Triptolide suppresses human synoviocyte MH7A cells mobility and maintains redox balance by inhibiting autophagy.

Triptolide (TPL), the main active ingredient in Tripterygium glycosides, has been reported to exert anti-inflammation and anti-tumor effects. The present study was designed to investigate the effects of TPL on rheumatoid arthritis (RA) and explore the underlying mechanisms. By using human synoviocyte MH7A cells, TPL was proven to significantly impede migration and invasion of MH7A cells, and also inhibited MMP-2 and MMP-9 expression. Moreover, TPL was found to increase SOD, CAT, GSH-Px activities while decrease MDA activity, indicating that TPL maintained redox balance in MH7A cells. TPL could down-regulate the number of LC3+ puncta, Beclin1 expression and LC3 II/I ratio in a concentration-dependent manner, indicating that TPL inhibited autophagy in MH7A cells.
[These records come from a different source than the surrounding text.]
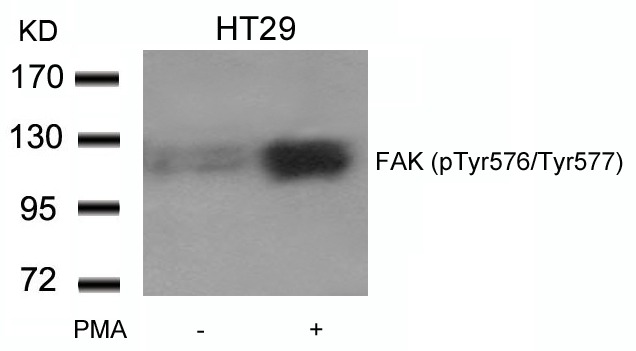 Anti-Phospho-PTK2 (Tyr576, 577) Polyclonal Antibody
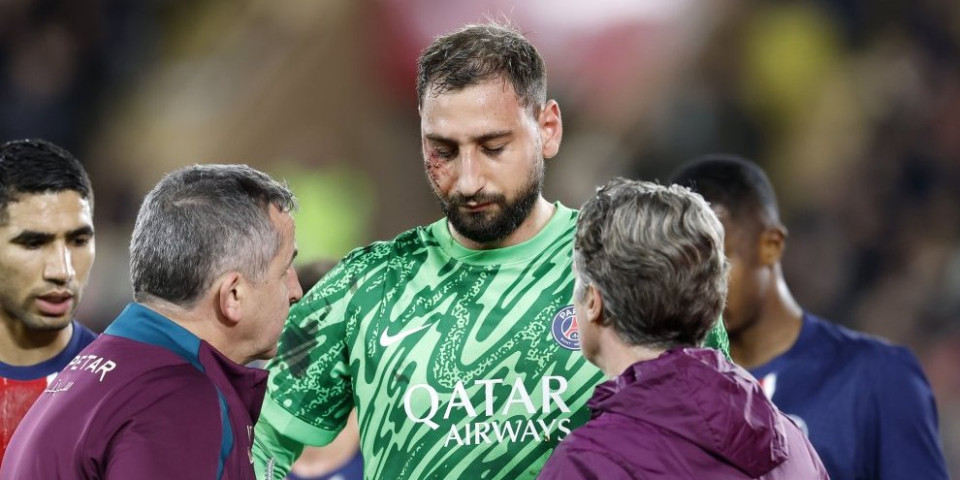 Oglasio se Donaruma! Evo kako izgleda nakon što mu je lice unakaženo! (FOTO)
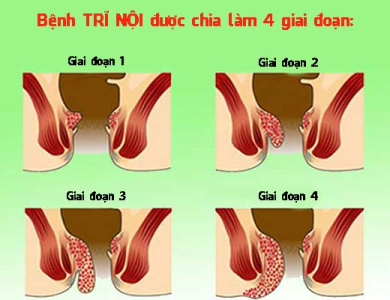 Bệnh trĩ là gì? Nguyên nhân, dấu hiệu nhận biết, thói quen gây trĩ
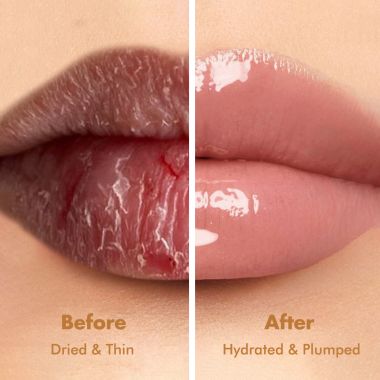 Conscious Chemist: Multi Peptide & Shea Butter Infused Lip balm With SPF 15 :- Vanilla (15g)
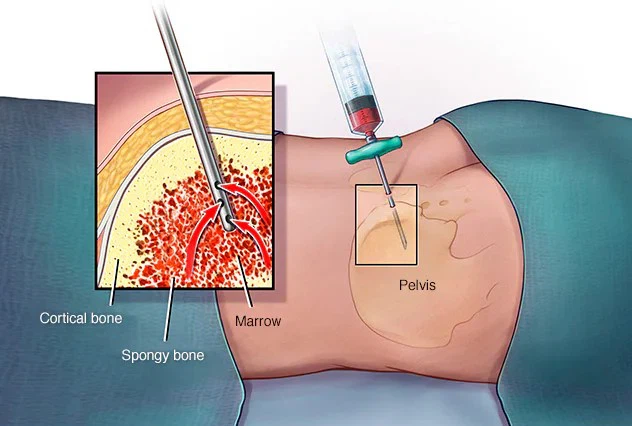 Illustration showing a doctor performing a bone marrow biopsy, inserting a needle into the pelvic bone Illustration showing a doctor performing a bone marrow biopsy, inserting a needle into the pelvic bone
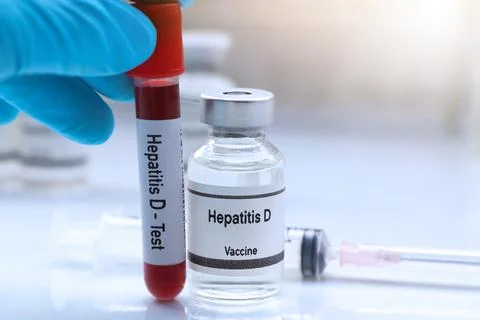 Hepatitis D test to look for abnormalities from blood Stockfoto's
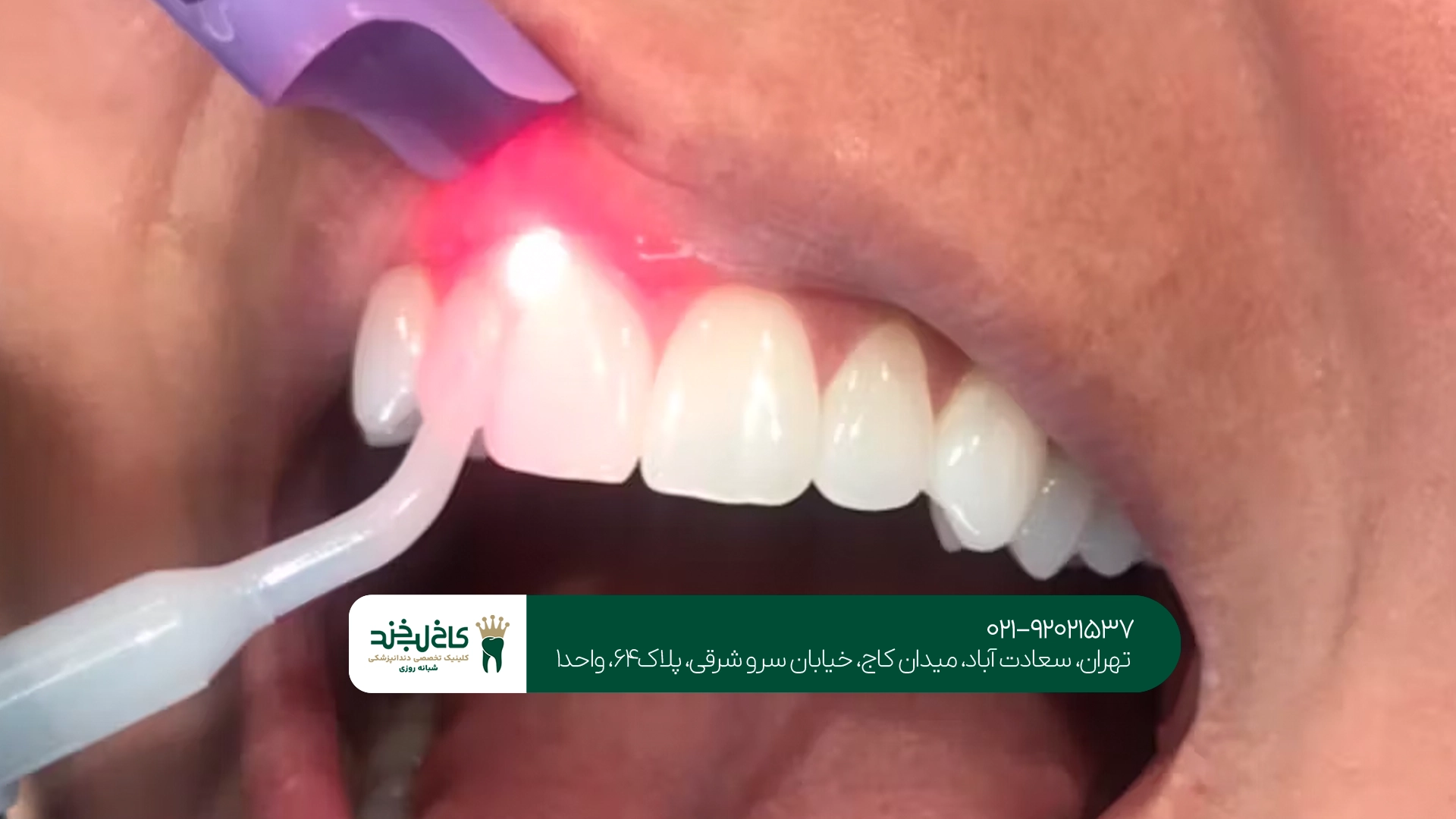 قیمت جراحی لثه با لیزر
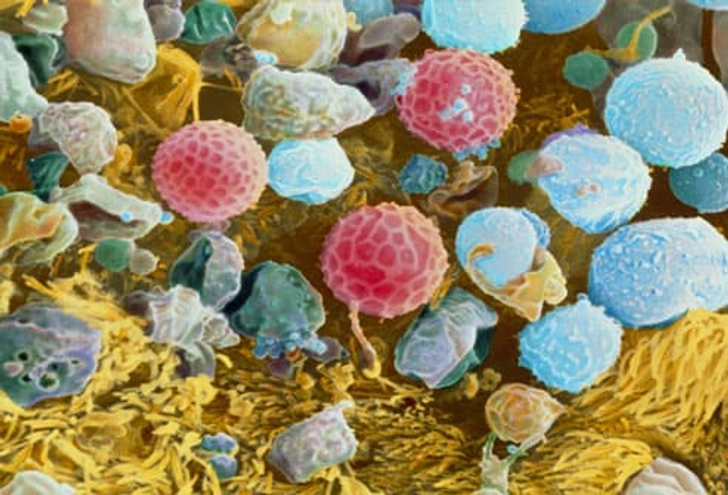 Seasonal Allergies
Activation of autophagy was found to counteract the effects of TPL on MH7A cells while inhibition of autophagy had the opposite effects. Our data demonstrated that TPL suppressed cell mobility and maintained redox balance through inhibiting autophagy in MH7A cells. Finally, our data revealed that TPL increased p-AKT/AKT ratio significantly and inhibition of PI3K/AKT signaling pathway activated autophagy in MH7A cells, suggesting that TPL suppressed autophagy through activating AKT signaling pathway in MH7A cells. Taken together, our present study revealed that TPL inhibited cell mobility and maintained redox balance in human synoviocyte MH7A cells through autophagy inhibition. Our findings suggested the potential clinical application of TPL on RA treatment.